■ **Task goal**
Can you print every record below exactly as written?

■ **Entries provided**
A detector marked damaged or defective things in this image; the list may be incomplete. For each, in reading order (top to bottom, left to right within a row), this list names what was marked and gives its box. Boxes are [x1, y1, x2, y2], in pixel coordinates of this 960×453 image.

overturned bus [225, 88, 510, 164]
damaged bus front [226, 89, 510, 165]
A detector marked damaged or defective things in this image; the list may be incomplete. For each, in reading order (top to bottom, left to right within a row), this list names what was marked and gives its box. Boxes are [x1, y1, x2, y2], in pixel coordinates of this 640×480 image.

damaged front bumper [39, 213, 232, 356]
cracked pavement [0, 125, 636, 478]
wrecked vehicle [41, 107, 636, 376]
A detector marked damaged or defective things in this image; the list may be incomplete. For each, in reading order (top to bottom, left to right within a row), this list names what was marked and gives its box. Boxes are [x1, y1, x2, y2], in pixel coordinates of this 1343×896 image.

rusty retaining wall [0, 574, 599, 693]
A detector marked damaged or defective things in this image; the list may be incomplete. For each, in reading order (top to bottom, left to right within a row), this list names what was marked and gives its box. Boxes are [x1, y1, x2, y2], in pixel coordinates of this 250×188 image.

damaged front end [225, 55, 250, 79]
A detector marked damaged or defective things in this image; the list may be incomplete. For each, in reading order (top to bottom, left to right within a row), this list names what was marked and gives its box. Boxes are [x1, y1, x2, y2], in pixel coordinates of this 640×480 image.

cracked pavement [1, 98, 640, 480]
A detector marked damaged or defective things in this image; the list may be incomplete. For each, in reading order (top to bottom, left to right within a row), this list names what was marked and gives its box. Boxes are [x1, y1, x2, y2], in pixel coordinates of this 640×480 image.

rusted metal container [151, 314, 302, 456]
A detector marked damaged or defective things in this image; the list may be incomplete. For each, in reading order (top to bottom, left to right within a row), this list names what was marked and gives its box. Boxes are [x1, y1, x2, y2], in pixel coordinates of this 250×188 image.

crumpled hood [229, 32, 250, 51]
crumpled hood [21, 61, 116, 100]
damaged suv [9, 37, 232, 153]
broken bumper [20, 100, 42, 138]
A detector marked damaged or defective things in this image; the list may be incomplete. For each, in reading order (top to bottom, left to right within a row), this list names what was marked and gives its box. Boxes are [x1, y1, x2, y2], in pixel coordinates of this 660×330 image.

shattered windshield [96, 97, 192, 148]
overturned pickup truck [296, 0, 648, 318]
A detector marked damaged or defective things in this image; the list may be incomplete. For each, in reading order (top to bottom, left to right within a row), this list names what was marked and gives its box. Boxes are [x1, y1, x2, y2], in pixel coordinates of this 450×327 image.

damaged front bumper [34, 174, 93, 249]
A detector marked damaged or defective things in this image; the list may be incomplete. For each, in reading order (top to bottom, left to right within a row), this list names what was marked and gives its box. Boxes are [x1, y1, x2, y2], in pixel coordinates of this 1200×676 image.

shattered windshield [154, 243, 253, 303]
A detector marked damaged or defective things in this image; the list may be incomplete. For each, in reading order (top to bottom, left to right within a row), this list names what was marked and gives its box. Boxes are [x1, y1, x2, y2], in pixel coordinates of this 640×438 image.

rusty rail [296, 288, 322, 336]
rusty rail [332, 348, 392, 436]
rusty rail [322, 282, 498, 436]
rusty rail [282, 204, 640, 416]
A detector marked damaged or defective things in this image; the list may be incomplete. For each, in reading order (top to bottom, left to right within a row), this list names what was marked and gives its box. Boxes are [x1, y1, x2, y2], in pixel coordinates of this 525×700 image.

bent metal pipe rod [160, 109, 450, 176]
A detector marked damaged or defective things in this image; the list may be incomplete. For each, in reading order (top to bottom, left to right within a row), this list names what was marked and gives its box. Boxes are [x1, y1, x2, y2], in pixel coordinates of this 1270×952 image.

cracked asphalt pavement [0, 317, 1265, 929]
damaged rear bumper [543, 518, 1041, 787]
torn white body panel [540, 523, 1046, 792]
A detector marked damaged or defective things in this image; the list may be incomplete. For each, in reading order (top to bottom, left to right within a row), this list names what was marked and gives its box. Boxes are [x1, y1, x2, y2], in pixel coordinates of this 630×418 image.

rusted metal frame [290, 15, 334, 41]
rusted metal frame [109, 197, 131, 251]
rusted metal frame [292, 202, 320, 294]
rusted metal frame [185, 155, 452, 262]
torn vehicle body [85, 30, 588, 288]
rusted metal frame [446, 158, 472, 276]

■ **Response to the task**
A detector marked damaged or defective things in this image; the list may be incomplete. For each, in reading order (top to bottom, left to right within a row), this list names what was marked and gives its box. Boxes are [x1, y1, x2, y2], in pixel coordinates of this 960×453 image.

overturned bus [225, 88, 510, 164]
damaged bus front [226, 89, 510, 165]
A detector marked damaged or defective things in this image; the list may be incomplete. For each, in reading order (top to bottom, left to right within a row), this list names what was marked and gives its box. Boxes are [x1, y1, x2, y2], in pixel coordinates of this 640×480 image.

damaged front bumper [39, 213, 232, 356]
cracked pavement [0, 125, 636, 478]
wrecked vehicle [41, 107, 636, 376]
A detector marked damaged or defective things in this image; the list may be incomplete. For each, in reading order (top to bottom, left to right within a row), this list names what was marked and gives its box. Boxes are [x1, y1, x2, y2], in pixel coordinates of this 1343×896 image.

rusty retaining wall [0, 574, 599, 693]
A detector marked damaged or defective things in this image; the list may be incomplete. For each, in reading order (top to bottom, left to right within a row), this list names what was marked and gives its box. Boxes are [x1, y1, x2, y2], in pixel coordinates of this 250×188 image.

damaged front end [225, 55, 250, 79]
A detector marked damaged or defective things in this image; the list may be incomplete. For each, in reading order (top to bottom, left to right within a row), this list names what was marked and gives its box. Boxes are [x1, y1, x2, y2], in pixel coordinates of this 640×480 image.

cracked pavement [1, 98, 640, 480]
A detector marked damaged or defective things in this image; the list may be incomplete. For each, in reading order (top to bottom, left to right within a row), this list names what was marked and gives its box. Boxes are [x1, y1, x2, y2], in pixel coordinates of this 640×480 image.

rusted metal container [151, 314, 302, 456]
A detector marked damaged or defective things in this image; the list may be incomplete. For each, in reading order (top to bottom, left to right within a row), this list names what was marked and gives its box. Boxes are [x1, y1, x2, y2], in pixel coordinates of this 250×188 image.

crumpled hood [229, 32, 250, 51]
crumpled hood [21, 61, 116, 100]
damaged suv [9, 37, 232, 153]
broken bumper [20, 100, 42, 138]
A detector marked damaged or defective things in this image; the list may be incomplete. For each, in reading order (top to bottom, left to right within a row), this list names what was marked and gives its box. Boxes are [x1, y1, x2, y2], in pixel coordinates of this 660×330 image.

shattered windshield [96, 97, 192, 148]
overturned pickup truck [296, 0, 648, 318]
A detector marked damaged or defective things in this image; the list may be incomplete. For each, in reading order (top to bottom, left to right within a row), this list names what was marked and gives its box. Boxes are [x1, y1, x2, y2], in pixel coordinates of this 450×327 image.

damaged front bumper [34, 174, 93, 249]
A detector marked damaged or defective things in this image; the list may be incomplete. For each, in reading order (top to bottom, left to right within a row), this list names what was marked and gives its box. Boxes are [x1, y1, x2, y2], in pixel coordinates of this 1200×676 image.

shattered windshield [154, 243, 253, 303]
A detector marked damaged or defective things in this image; the list may be incomplete. For each, in reading order (top to bottom, left to right within a row), this list names what was marked and gives its box. Boxes are [x1, y1, x2, y2], in pixel coordinates of this 640×438 image.

rusty rail [296, 288, 322, 336]
rusty rail [332, 348, 392, 436]
rusty rail [322, 282, 498, 436]
rusty rail [282, 204, 640, 416]
A detector marked damaged or defective things in this image; the list may be incomplete. For each, in reading order (top to bottom, left to right within a row), this list names what was marked and gives its box. Boxes are [x1, y1, x2, y2], in pixel coordinates of this 525×700 image.

bent metal pipe rod [160, 109, 450, 176]
A detector marked damaged or defective things in this image; the list may be incomplete. For each, in reading order (top to bottom, left to right within a row), this list names what was marked and gives its box. Boxes are [x1, y1, x2, y2], in pixel coordinates of this 1270×952 image.

cracked asphalt pavement [0, 317, 1265, 929]
damaged rear bumper [543, 518, 1041, 787]
torn white body panel [540, 523, 1046, 792]
A detector marked damaged or defective things in this image; the list may be incomplete. For each, in reading order (top to bottom, left to right within a row), this list names what was marked and gives its box. Boxes are [x1, y1, x2, y2], in pixel coordinates of this 630×418 image.

rusted metal frame [290, 15, 334, 41]
rusted metal frame [109, 197, 131, 251]
rusted metal frame [292, 202, 320, 294]
rusted metal frame [185, 155, 452, 262]
torn vehicle body [85, 30, 588, 288]
rusted metal frame [446, 158, 472, 276]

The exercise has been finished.